SUPPLIED MATERIAL:

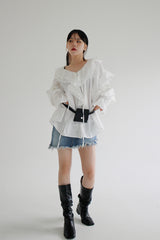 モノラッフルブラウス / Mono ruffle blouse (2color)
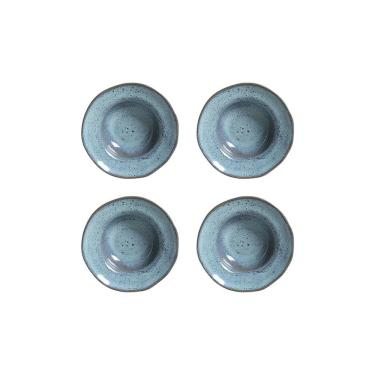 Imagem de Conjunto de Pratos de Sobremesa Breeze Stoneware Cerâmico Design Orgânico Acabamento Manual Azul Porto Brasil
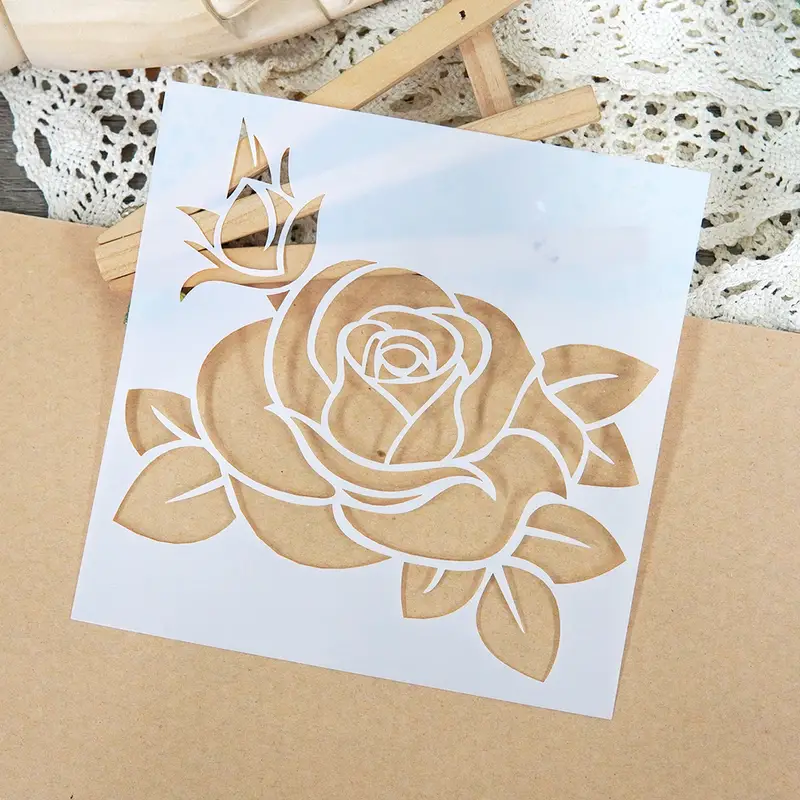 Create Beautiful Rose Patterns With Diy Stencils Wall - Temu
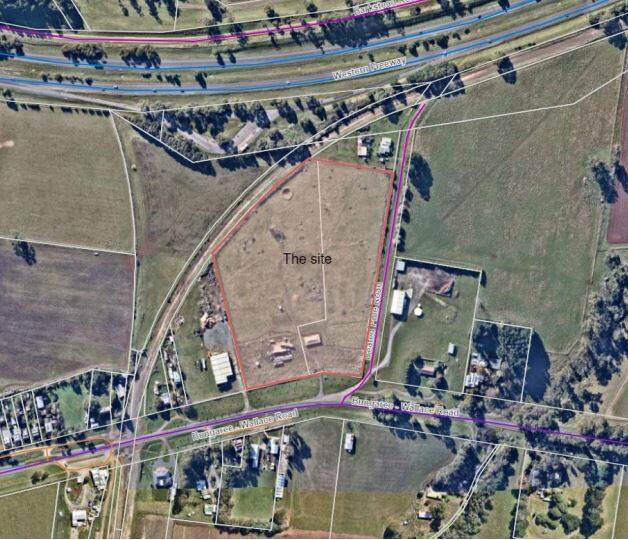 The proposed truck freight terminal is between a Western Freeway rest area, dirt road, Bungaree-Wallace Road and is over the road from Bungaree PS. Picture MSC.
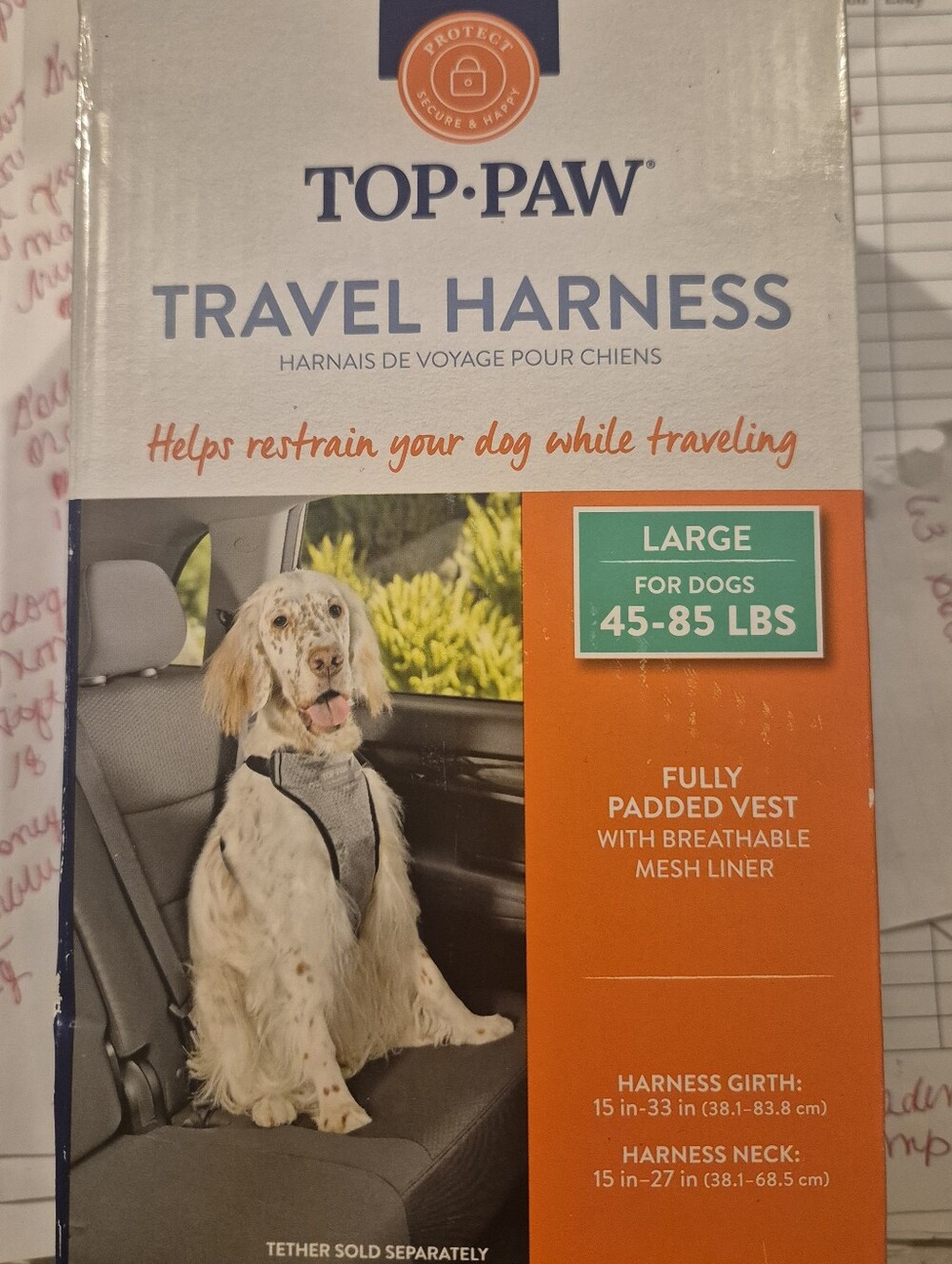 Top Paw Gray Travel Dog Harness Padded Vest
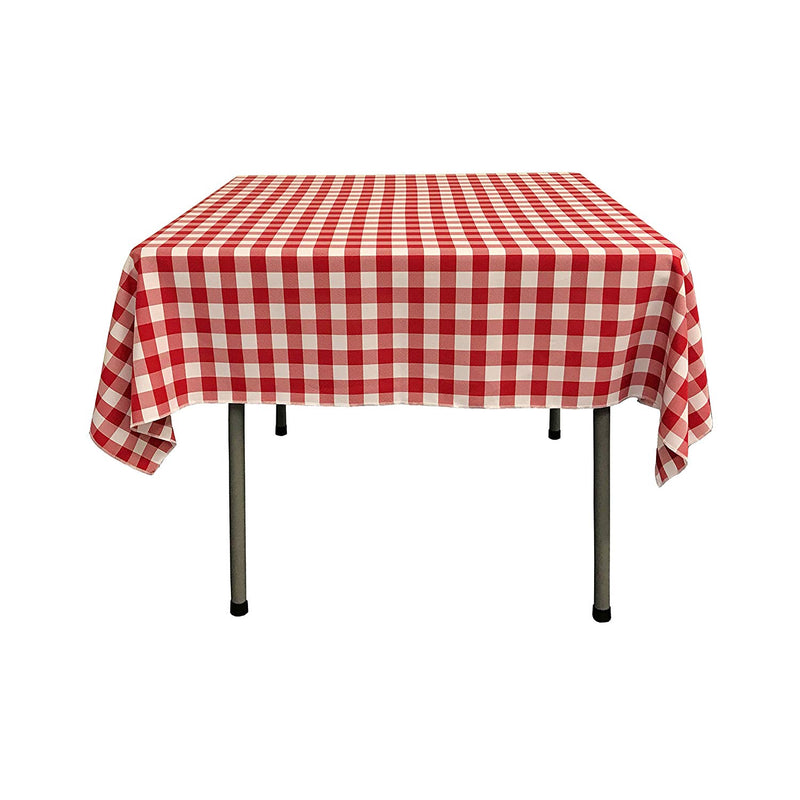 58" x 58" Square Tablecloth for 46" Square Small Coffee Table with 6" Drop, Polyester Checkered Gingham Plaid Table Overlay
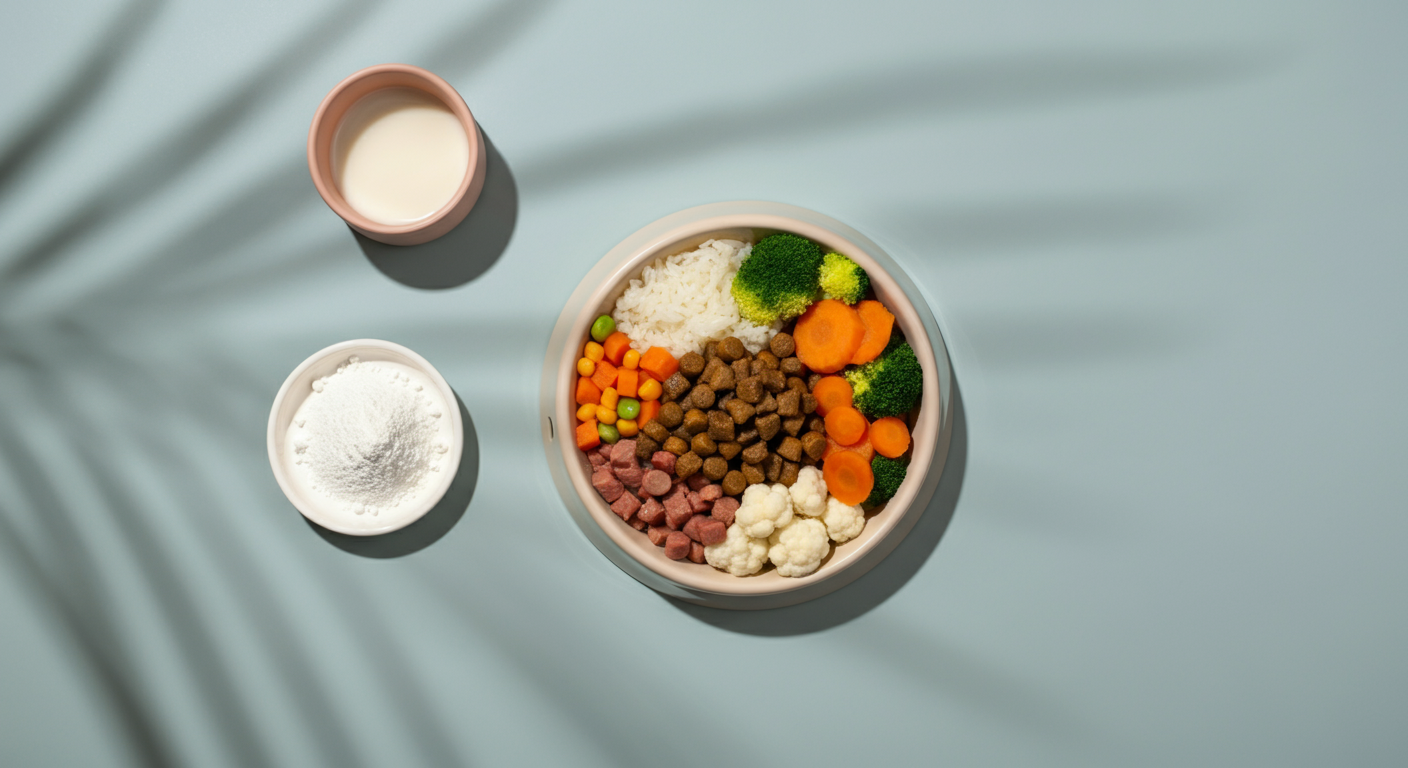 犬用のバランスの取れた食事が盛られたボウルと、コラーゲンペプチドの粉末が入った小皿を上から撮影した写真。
...
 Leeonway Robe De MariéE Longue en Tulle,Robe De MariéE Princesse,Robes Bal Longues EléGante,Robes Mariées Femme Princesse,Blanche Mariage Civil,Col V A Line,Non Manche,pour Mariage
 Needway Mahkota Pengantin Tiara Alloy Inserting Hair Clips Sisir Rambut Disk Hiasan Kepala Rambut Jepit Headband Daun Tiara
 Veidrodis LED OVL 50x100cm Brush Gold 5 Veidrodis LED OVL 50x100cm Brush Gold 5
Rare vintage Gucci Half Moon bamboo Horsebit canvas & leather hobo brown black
--
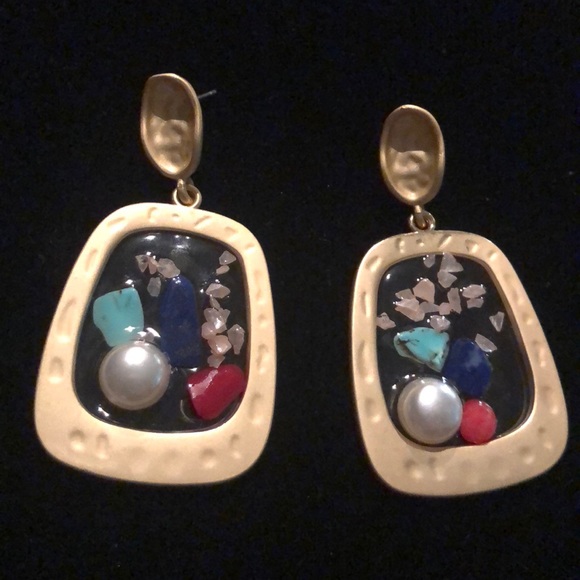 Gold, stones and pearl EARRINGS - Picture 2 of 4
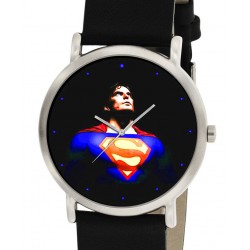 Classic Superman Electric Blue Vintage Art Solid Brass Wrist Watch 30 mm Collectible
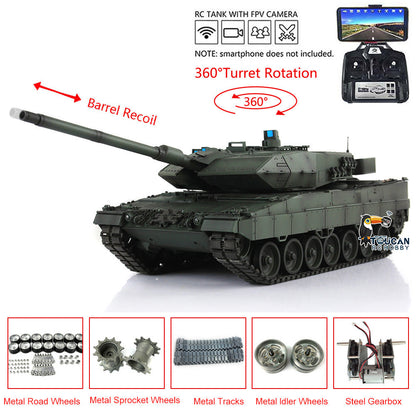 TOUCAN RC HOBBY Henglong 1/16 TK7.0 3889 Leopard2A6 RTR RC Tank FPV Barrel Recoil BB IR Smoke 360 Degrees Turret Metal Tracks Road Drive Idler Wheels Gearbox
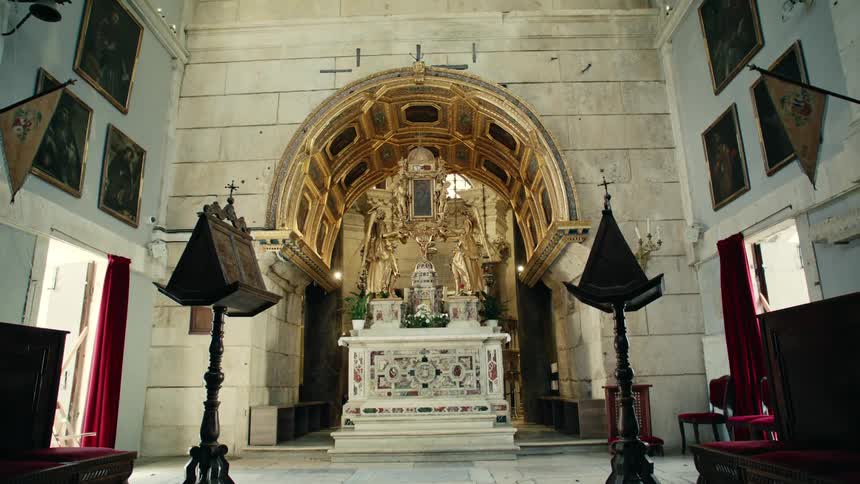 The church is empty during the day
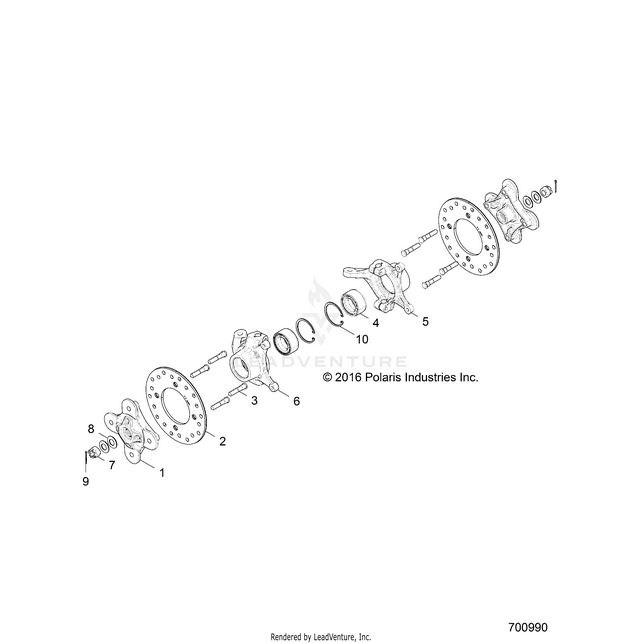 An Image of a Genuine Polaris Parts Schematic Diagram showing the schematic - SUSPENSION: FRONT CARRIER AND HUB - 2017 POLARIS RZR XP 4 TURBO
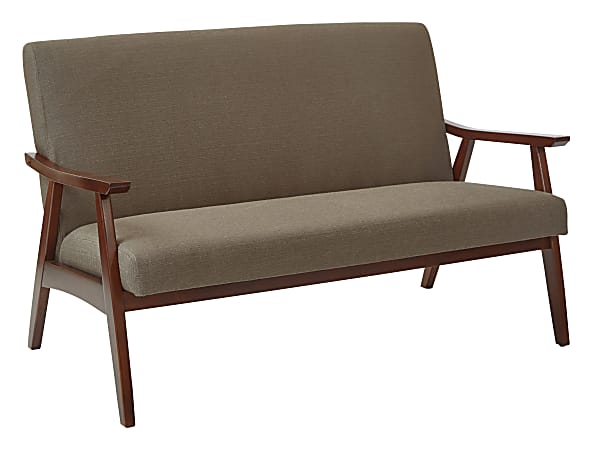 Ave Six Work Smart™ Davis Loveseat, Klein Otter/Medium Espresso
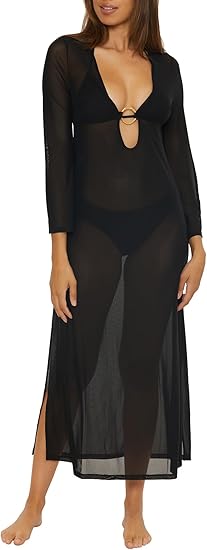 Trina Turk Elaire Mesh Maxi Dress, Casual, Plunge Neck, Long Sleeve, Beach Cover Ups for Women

WHAT IS NEEDED: Quote the data above exactly from the line with "Classic Superman Electric" to the line with "Trina Turk Elaire", both ends counted, and nothing else. Pictures don't go in.

TASK OUTPUT:
 Classic Superman Electric Blue Vintage Art Solid Brass Wrist Watch 30 mm Collectible
 TOUCAN RC HOBBY Henglong 1/16 TK7.0 3889 Leopard2A6 RTR RC Tank FPV Barrel Recoil BB IR Smoke 360 Degrees Turret Metal Tracks Road Drive Idler Wheels Gearbox
 The church is empty during the day
 An Image of a Genuine Polaris Parts Schematic Diagram showing the schematic - SUSPENSION: FRONT CARRIER AND HUB - 2017 POLARIS RZR XP 4 TURBO
 Ave Six Work Smart™ Davis Loveseat, Klein Otter/Medium Espresso
 Trina Turk Elaire Mesh Maxi Dress, Casual, Plunge Neck, Long Sleeve, Beach Cover Ups for Women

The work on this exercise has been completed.